Moi, abstentionniste, je vote contre cette politique qui ne cesse de nous décevoir. J’oppose une fin de non-recevoir ! Moi, abstentionniste, je vote pour l’espoir. L’espoir d’un retour du pouvoir au peuple. L’espoir que quelqu’un me donne envie d’aller voter autrement que par l’abstention. L’espoir, qu’enfin, les choses changent. L’espoir que ce message ne soit pas ignoré. Parce que j’aime la France. Donc oui, moi, abstentionniste, je vote, sans pour autant mettre un bulletin dans l’urne. Mais je vote. Il faut juste comprendre que lorsqu’on n’a rien à y gagner, il n’y a aucune importance à vouloir participer.

Mouloud : On vient d’entendre l’abstentionniste.

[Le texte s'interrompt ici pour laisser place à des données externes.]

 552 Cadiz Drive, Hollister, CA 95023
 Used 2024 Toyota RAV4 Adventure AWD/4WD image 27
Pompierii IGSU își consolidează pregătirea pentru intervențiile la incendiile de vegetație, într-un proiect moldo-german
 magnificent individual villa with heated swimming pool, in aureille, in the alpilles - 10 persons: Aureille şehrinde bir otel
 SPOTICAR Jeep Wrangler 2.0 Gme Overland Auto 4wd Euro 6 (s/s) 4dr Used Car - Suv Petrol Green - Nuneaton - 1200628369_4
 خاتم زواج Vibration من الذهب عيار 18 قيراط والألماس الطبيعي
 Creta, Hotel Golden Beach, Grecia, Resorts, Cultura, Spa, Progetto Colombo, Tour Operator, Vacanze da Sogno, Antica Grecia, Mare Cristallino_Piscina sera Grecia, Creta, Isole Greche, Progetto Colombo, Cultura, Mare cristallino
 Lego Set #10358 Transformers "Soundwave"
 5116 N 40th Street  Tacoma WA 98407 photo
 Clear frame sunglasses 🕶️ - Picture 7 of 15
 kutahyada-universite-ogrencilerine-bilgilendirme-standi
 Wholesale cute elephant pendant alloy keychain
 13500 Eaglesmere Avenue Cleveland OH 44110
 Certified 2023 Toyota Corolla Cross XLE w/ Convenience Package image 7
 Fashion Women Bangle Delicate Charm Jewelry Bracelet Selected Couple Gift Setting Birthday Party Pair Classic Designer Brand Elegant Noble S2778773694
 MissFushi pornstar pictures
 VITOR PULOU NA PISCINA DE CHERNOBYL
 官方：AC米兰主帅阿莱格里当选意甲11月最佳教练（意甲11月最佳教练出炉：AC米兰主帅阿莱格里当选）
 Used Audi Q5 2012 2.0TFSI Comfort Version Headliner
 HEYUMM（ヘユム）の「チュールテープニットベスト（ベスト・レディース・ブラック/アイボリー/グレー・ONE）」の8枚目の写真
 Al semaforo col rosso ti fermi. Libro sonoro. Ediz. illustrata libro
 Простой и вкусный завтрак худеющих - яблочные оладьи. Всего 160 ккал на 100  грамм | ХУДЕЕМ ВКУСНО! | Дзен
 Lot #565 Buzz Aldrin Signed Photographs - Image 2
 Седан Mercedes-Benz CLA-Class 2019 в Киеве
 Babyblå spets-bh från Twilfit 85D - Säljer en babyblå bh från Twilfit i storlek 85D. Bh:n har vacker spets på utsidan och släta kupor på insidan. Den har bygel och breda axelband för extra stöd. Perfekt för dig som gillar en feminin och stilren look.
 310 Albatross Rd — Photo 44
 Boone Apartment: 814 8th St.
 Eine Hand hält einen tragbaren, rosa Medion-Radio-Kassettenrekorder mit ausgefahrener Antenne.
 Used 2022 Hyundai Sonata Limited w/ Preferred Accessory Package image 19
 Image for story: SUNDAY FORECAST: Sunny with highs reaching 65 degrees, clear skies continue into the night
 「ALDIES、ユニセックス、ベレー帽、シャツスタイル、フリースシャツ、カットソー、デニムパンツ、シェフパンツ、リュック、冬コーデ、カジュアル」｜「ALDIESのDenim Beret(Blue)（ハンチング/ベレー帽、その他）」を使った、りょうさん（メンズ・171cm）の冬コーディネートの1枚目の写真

Ouanissa Bachraoui : Michel Denisot disait plutôt sur ce plateau :”voter c’est gratuit, ne pas voter peut coûter cher.” Kiss, la France tu l’aimes, mais moi je l’aime plus que toi. Tu l’embrasses certainement, tu l’enlaces également, mais tu es prêt à la laisser périr dans ses tourments. Tu ne souhaites pas voter, car tu ne te reconnais pas dans leurs programmes, car tu ne t’identifies pas à ces hommes et cette femme que je ne nommerai pas. Mais ils ne me représentent pas non plus. Entre ceux qui fixent le prix du pain au chocolat, ou chocolatine à quelques centimes – 15 pour être précise – et ceux qui estiment le prix du ticket de métro à quatre euros, je me sens autant manipulée et rabaissée que toi par ce que j’entends à la télévision et par ce que je lis dans le métro. Mais ne pas voter, Kiss, c’est choisir l’extrême, ne pas voter, Kiss, c’est laisser s’imposer un climat de haine. Selon ton vote, ou ton abstention, tes amis pourront pratiquer leur religion ou non. Ils pourront exprimer leurs pensées, ou non. Diffuser leur art, ou non. Accéder à certaines fonctions, ou non. Jouir de leurs droits les plus basiques, ou non. Bref, tes amis pourront exister dignement, ou avoir une place fictive au sein de notre société. Nous sommes français lorsque Griezmann, ou “Grizou” comme j’aime à l’appeler, marque un but. Nous sommes encore français lorsqu’il s’agit de dégainer sa carte verte, communément appelée carte vitale, pour bénéficier de soins. Nous sommes aussi français dans la tragédie Kiss, mais nous sommes tristes, inquiets et en colère dans la tragédie. Alors, évitons celle qui se profile et qui ne cesse de gangrener le corps de notre République. Corps dont nous sommes la tête, les jambes, mais surtout le coeur. Battons à l’unisson, battons-nous ensemble et unissons nos forces parce que toi, plus lui, plus elle, plus tous ceux qui le veulent feront l’avenir de demain. Être français, tel est notre destin, et ce n’est pas une fatalité. Être français, c’est connaître hier et pouvoir maîtriser demain. Aujourd’hui, le jour de gloire s’éloigne, mais le jour de honte semble se rapprocher. Alors aux urnes citoyens, je ne vous demanderai pas de former vos bataillons, mais de prendre garde, car nous risquons d’entendre dans nos campagnes mugir des féroces soldats. Mais qu’ils soient tous prévenus, contre toutes les formes de tyrannie, notre carte d’électeur, elle, est élevée. En 2017, soyons ensemble, mobilisons-nous et votons.

Mouloud : Je crois que je vais aller voter, j’ai été convaincu là. Kiss, je ne vais pas m’abstenir. On va aller voter, on va prendre notre carte d’électeur et on va aller sauver la France parce que je pense que la dernière personne à pouvoir les sauver, c’est tous les Français avec leurs cartes d’électeurs. Merci beaucoup d’avoir regardé le Gros Journal, le film “À voix haute” sort en salle cette semaine. On se retrouve demain à la même heure, sur Canal +, allez voter et à demain.